Oh well. Nobody in Washington is going to change their stripes tomorrow because I told them to. But if we're looking for lessons from these last weeks, here's another -- and it's a powerful one. One of the country's preeminent comedians showed half the political class what they couldn't figure out for themselves -- namely, how to accept gift-wrapped opportunities from the other half for the latter's annihilation.

These are not exactly surprising revelations, and they're not even necessarily newsworthy. But there has been one development lately that is semi-novel and potentially very consequential. Or, at least, it would be, if the Democrats had even the slightest bit of gumption.

What I'm referring to is the splitting of the Republican Party on several of the key votes cast over recent days.
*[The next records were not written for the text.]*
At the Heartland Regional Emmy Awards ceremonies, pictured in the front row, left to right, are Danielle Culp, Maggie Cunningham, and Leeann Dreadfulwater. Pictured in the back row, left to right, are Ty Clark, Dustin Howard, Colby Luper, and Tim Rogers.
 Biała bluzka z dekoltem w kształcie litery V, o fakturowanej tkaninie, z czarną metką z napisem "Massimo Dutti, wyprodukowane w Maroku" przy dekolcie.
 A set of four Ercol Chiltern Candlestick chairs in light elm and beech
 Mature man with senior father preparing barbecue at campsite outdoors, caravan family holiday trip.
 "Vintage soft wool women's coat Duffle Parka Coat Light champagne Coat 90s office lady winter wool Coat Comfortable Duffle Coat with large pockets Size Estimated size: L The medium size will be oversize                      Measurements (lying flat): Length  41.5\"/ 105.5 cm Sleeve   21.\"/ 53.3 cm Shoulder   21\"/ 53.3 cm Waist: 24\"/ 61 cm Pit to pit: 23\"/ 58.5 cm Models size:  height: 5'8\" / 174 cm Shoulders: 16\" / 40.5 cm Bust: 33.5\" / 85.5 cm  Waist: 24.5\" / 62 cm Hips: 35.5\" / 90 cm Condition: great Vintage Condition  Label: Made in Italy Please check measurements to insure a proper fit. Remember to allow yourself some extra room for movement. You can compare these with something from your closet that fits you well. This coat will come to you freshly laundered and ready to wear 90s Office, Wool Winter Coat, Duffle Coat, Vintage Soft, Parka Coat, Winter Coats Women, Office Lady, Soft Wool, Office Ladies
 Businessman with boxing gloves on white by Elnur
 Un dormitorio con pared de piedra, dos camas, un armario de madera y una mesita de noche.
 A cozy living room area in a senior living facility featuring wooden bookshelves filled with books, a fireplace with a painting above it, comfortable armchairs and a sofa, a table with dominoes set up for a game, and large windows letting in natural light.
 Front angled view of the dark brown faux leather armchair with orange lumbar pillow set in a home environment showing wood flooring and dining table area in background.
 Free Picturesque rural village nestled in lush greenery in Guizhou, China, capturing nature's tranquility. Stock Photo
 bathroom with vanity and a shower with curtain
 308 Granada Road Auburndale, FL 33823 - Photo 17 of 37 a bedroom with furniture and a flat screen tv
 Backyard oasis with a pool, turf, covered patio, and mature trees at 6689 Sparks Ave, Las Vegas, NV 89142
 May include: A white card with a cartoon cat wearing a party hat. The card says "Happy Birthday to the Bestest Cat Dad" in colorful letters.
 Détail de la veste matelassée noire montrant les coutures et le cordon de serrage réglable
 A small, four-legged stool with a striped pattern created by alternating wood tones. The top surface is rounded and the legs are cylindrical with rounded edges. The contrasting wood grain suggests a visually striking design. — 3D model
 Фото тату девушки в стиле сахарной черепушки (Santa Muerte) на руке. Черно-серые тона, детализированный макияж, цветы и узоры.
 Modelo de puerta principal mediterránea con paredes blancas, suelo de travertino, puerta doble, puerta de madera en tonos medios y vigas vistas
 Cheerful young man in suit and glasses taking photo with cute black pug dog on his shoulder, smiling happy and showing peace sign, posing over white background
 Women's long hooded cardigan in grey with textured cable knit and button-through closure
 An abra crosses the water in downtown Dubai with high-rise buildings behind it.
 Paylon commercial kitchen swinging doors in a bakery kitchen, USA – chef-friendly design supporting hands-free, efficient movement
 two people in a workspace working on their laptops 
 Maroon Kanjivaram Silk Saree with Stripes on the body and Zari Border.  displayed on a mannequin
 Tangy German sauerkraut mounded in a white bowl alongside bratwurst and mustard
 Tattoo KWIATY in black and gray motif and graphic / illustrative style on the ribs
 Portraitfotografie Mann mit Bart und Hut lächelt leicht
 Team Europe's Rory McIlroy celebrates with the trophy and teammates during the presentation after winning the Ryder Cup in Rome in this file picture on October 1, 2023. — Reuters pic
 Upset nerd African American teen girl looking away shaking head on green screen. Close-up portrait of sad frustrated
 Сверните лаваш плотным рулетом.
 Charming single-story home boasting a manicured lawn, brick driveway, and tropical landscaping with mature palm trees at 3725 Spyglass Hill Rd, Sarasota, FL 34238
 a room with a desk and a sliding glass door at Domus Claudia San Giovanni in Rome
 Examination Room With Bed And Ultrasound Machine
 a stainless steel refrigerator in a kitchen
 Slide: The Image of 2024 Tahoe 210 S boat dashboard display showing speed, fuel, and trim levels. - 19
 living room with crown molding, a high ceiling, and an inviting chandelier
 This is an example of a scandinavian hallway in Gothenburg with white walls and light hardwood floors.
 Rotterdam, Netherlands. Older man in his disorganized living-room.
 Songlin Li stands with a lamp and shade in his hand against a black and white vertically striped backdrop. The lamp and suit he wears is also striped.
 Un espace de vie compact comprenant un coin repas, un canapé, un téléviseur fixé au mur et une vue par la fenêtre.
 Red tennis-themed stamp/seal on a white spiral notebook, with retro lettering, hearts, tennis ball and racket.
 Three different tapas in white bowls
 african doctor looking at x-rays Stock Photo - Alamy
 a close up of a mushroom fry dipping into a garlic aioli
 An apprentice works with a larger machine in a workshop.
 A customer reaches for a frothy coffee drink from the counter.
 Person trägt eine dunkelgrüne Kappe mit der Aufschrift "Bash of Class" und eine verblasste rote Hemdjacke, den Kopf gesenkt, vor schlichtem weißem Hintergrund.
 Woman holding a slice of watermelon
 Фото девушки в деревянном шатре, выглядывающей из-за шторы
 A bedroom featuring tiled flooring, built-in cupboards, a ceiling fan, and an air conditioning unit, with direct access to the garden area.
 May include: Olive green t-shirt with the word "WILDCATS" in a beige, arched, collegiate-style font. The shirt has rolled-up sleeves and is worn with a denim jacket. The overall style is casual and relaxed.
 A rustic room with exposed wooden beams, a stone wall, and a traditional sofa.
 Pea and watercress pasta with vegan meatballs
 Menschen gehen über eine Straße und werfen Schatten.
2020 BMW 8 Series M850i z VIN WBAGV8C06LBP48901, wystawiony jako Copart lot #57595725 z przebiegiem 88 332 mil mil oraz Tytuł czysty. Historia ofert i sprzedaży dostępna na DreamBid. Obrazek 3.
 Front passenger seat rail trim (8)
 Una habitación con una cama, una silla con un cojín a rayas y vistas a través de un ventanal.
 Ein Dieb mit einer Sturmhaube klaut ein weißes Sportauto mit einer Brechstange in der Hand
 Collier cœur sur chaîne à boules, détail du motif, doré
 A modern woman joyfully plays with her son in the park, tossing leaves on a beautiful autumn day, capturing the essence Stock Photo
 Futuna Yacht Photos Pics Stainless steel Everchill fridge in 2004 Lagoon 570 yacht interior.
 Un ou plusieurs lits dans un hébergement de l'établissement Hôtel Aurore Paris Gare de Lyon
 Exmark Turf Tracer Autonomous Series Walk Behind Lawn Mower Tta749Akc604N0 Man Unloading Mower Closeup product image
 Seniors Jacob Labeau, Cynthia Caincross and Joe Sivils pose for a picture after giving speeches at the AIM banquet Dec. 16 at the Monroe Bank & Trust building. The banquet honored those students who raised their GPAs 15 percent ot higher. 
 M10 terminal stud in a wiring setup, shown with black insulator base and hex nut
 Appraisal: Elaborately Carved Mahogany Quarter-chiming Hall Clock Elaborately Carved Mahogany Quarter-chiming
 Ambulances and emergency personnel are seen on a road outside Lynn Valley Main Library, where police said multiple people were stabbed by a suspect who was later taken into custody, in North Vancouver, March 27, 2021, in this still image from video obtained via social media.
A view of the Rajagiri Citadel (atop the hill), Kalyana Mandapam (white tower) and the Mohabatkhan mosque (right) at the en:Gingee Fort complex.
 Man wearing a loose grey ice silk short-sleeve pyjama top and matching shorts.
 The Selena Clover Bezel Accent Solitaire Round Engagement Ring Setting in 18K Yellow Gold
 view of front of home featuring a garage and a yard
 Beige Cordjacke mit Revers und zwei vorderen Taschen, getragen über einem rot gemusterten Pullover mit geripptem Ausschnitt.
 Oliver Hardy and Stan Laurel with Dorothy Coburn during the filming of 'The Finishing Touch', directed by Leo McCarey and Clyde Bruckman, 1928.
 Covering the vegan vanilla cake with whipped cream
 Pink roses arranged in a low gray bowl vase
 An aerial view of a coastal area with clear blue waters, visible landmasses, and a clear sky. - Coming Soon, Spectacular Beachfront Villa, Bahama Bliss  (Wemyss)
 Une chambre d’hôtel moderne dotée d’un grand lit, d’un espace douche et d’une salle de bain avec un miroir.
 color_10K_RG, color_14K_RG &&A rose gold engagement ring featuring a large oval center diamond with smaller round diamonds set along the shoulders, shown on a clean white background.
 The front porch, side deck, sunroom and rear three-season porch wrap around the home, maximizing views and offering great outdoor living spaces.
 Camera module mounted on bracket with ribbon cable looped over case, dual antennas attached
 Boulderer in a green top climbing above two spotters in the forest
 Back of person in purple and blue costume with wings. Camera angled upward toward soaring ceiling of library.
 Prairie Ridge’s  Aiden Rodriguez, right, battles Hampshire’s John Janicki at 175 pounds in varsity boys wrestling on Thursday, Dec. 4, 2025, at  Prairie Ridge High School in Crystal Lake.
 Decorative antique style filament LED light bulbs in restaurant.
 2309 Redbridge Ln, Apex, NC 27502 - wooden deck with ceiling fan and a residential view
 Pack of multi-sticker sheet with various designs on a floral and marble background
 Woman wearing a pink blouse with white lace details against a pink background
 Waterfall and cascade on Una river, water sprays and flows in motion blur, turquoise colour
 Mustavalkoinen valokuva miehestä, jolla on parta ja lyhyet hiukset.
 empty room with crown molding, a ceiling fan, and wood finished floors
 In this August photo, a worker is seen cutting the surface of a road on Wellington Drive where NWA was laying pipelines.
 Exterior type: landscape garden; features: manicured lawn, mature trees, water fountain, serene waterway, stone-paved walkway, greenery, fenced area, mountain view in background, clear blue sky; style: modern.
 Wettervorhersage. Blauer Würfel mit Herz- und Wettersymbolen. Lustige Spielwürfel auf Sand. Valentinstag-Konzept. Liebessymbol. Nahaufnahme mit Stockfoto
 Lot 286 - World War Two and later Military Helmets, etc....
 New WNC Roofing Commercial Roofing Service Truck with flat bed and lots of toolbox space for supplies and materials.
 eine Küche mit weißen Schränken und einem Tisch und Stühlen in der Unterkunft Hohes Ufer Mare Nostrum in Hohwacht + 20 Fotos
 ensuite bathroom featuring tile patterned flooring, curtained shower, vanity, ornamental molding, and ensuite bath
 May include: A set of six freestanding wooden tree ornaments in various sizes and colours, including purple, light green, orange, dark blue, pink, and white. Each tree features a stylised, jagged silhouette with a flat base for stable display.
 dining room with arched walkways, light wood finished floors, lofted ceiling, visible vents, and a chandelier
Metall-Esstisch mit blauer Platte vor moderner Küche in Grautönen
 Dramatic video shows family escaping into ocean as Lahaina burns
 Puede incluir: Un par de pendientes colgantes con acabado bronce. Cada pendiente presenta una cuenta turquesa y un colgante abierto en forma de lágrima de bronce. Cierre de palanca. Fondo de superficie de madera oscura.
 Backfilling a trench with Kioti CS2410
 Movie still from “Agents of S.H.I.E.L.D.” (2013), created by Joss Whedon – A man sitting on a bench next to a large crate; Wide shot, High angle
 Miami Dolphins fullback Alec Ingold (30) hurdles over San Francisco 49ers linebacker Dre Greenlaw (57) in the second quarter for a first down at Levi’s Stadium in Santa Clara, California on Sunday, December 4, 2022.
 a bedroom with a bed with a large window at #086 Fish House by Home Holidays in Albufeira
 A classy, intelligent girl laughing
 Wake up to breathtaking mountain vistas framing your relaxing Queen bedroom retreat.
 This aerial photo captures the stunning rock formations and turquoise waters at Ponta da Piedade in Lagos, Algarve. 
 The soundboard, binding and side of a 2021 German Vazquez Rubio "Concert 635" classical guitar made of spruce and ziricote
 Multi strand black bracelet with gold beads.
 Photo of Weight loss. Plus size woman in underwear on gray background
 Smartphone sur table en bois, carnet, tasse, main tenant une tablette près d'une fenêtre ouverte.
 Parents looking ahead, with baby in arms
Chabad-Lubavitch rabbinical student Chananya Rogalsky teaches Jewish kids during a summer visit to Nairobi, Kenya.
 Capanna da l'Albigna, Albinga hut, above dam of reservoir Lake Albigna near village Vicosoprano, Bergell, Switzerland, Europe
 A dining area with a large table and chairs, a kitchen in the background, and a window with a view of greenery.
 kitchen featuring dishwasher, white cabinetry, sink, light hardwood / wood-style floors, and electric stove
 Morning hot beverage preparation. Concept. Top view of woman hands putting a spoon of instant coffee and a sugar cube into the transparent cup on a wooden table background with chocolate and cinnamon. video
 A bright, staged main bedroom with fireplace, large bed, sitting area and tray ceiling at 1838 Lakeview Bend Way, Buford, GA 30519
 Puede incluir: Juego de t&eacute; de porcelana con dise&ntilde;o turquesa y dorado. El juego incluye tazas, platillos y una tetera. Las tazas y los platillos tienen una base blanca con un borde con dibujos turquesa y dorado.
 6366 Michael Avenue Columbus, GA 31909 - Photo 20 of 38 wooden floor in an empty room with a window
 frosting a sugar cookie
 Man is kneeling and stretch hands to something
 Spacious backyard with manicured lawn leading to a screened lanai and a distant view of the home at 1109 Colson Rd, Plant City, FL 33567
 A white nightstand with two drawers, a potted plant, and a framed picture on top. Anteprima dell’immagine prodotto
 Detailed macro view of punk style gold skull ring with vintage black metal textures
On Don't Ask Don't Tell, on the New START treaty with the Russians, on the tax bill and on the 9/11 first-responders health care bill, the heretofore highly monolithic Republican Party showed fissures that are really unusual compared to most all of their historical behavior over the last thirty years. It's not that the GOP never splits, it's just that it's so rare. And to have it happen this many times in this short a period presents some intriguing possibilities.

Party discipline has been key to Republican success during these years, especially the last two, when they were in the much repudiated minority, and at a time when every single vote in the Senate was potentially the difference between having the 60 necessary to move forward on legislation that had clear majority support, or seeing it bottled up forever. (There was, of course, always the third alternative, in which Democrats would make Republicans actually do the filibuster over an unpopular cause, thus forcing the GOP to bring a public relations disaster down on their own heads. Or the fourth alternative, in which the Democrats could have used their majority to change the rules of the Senate in order to make it far more democratic in nature. Of course, either of these would have required the Democrats to be interested in genuine public service and to have even a moderate willingness to stand up for themselves, which explains why neither occurred.)

In any case, there are now some preliminary indications that the Republicans are not so disciplined anymore. And, what's more, while it's very early to tell, the fissures within the party seem to perhaps be multiple. I see the GOP as having essentially three camps, which can be thought of as being arrayed ideologically, from right to way far right. There is also a chronological ordering these factions as well.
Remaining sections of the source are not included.